» **TASK REQUIREMENTS**
Would you print, word for word, only the lines running from the line with "दूध व्यवसायामध्ये विशेष" to the last line of the entries, without the pictures?
--- GIVEN DATA Enclosed Below ---
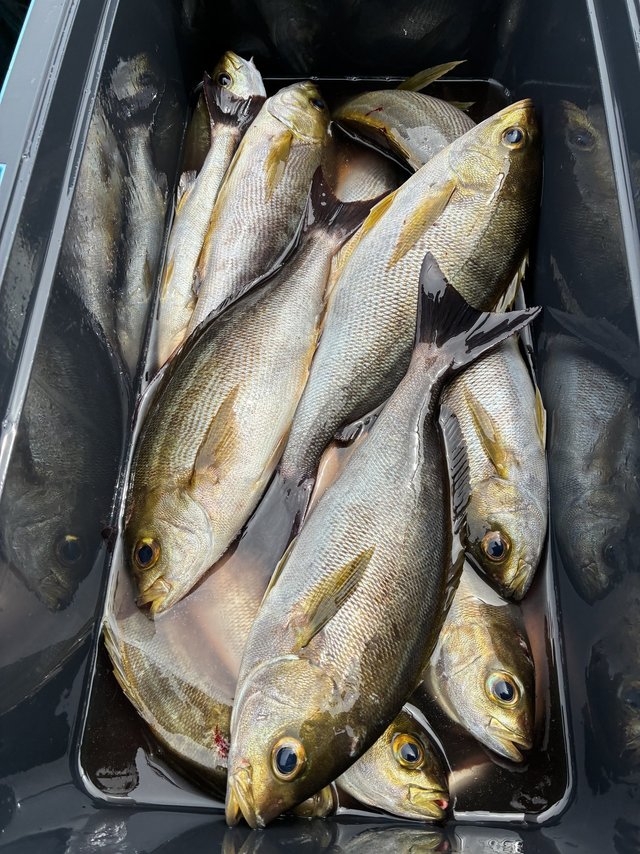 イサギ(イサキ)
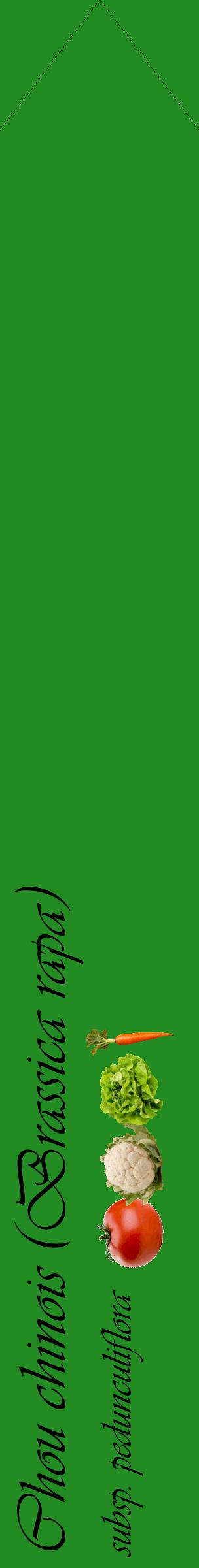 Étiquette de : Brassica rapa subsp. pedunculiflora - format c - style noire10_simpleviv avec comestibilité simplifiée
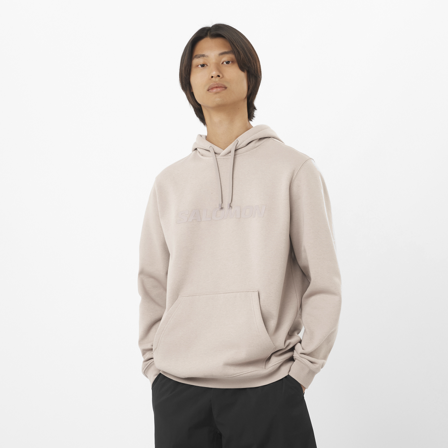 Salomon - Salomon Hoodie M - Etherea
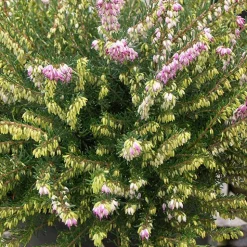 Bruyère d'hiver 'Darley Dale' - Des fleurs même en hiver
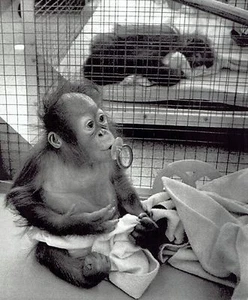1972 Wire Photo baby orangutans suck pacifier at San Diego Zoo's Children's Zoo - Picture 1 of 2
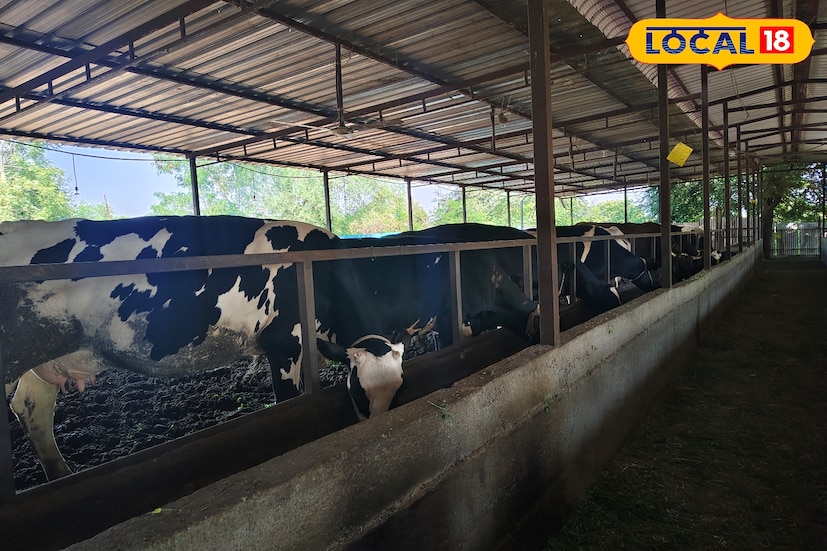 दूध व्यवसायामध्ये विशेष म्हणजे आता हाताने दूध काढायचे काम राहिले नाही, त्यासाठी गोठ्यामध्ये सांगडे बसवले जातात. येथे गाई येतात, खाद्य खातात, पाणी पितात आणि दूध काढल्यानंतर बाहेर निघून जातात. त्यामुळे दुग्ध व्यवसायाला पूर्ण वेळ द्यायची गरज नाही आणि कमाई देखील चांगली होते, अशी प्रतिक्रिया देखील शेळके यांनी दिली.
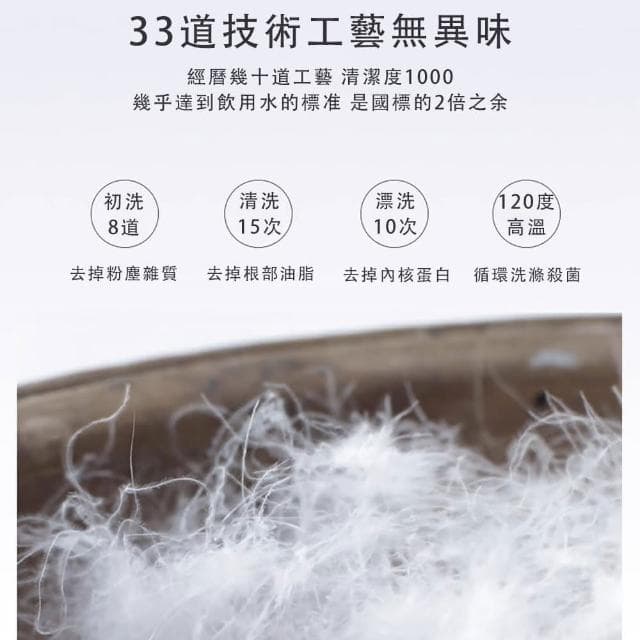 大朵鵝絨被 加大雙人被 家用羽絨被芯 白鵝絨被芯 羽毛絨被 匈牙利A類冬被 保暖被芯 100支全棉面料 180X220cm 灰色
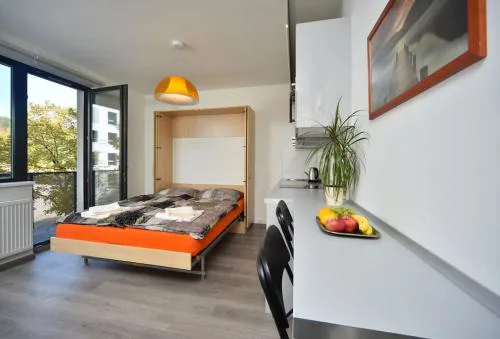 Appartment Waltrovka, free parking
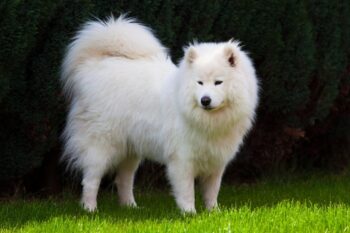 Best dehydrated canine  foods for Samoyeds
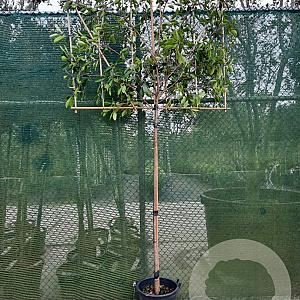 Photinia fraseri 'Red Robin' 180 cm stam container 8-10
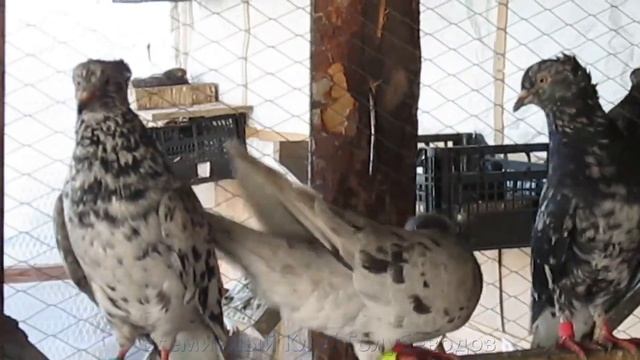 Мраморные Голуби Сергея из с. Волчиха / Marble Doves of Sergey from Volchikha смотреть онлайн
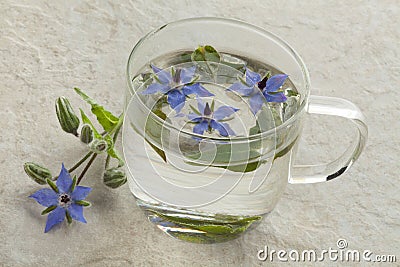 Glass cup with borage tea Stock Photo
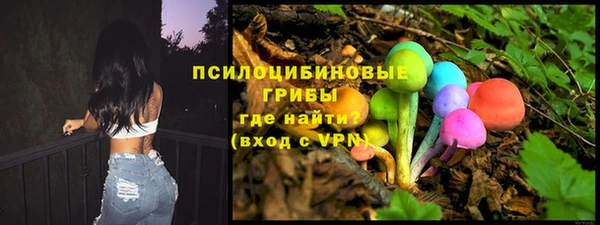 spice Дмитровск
--- End of Enclosed GIVEN DATA ---
» **RESPONSE TO THIS TASK**
 दूध व्यवसायामध्ये विशेष म्हणजे आता हाताने दूध काढायचे काम राहिले नाही, त्यासाठी गोठ्यामध्ये सांगडे बसवले जातात. येथे गाई येतात, खाद्य खातात, पाणी पितात आणि दूध काढल्यानंतर बाहेर निघून जातात. त्यामुळे दुग्ध व्यवसायाला पूर्ण वेळ द्यायची गरज नाही आणि कमाई देखील चांगली होते, अशी प्रतिक्रिया देखील शेळके यांनी दिली.
 大朵鵝絨被 加大雙人被 家用羽絨被芯 白鵝絨被芯 羽毛絨被 匈牙利A類冬被 保暖被芯 100支全棉面料 180X220cm 灰色
 Appartment Waltrovka, free parking
 Best dehydrated canine  foods for Samoyeds
 Photinia fraseri 'Red Robin' 180 cm stam container 8-10
 Мраморные Голуби Сергея из с. Волчиха / Marble Doves of Sergey from Volchikha смотреть онлайн
 Glass cup with borage tea Stock Photo
 spice Дмитровск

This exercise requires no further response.